YOUR GOAL: The pictures get dropped, while every remaining part of the listing is copied exactly.

GIVEN INFORMATION:

---*---

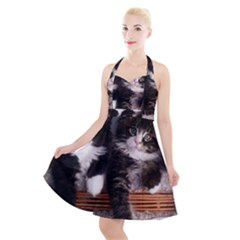 Cats Brothers Halter Party Swing Dress  by Sparkle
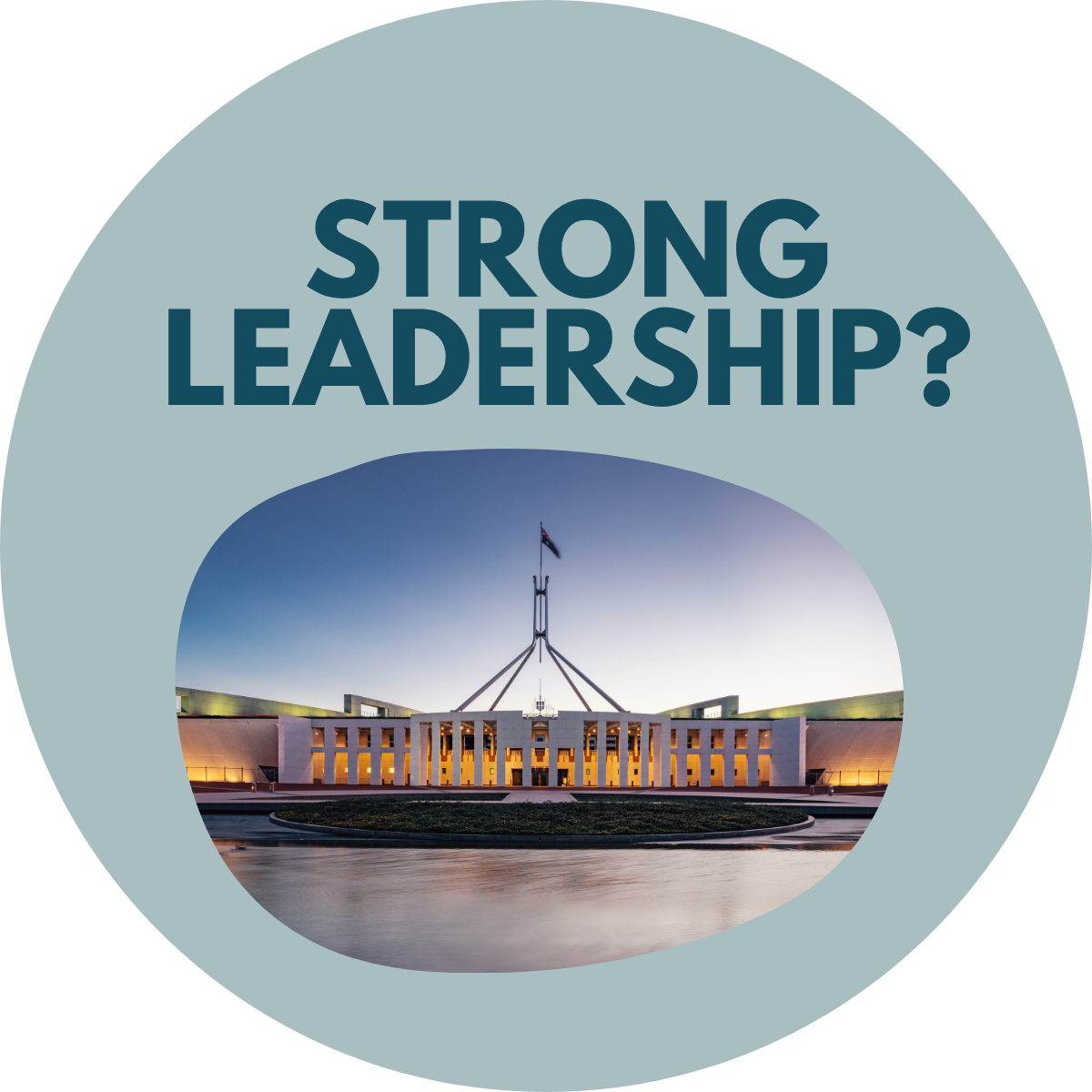 Do we really want "strong leadership"?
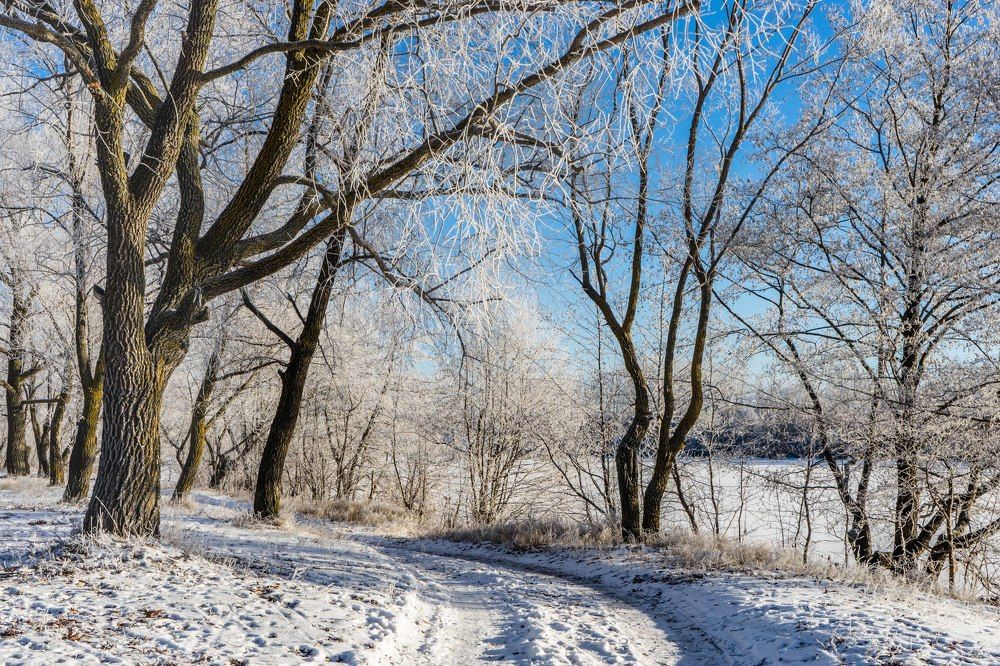 дорога в зиму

---*---

RESPONSE FOR THIS EXERCISE:
 Cats Brothers Halter Party Swing Dress  by Sparkle
 Do we really want "strong leadership"?
 дорога в зиму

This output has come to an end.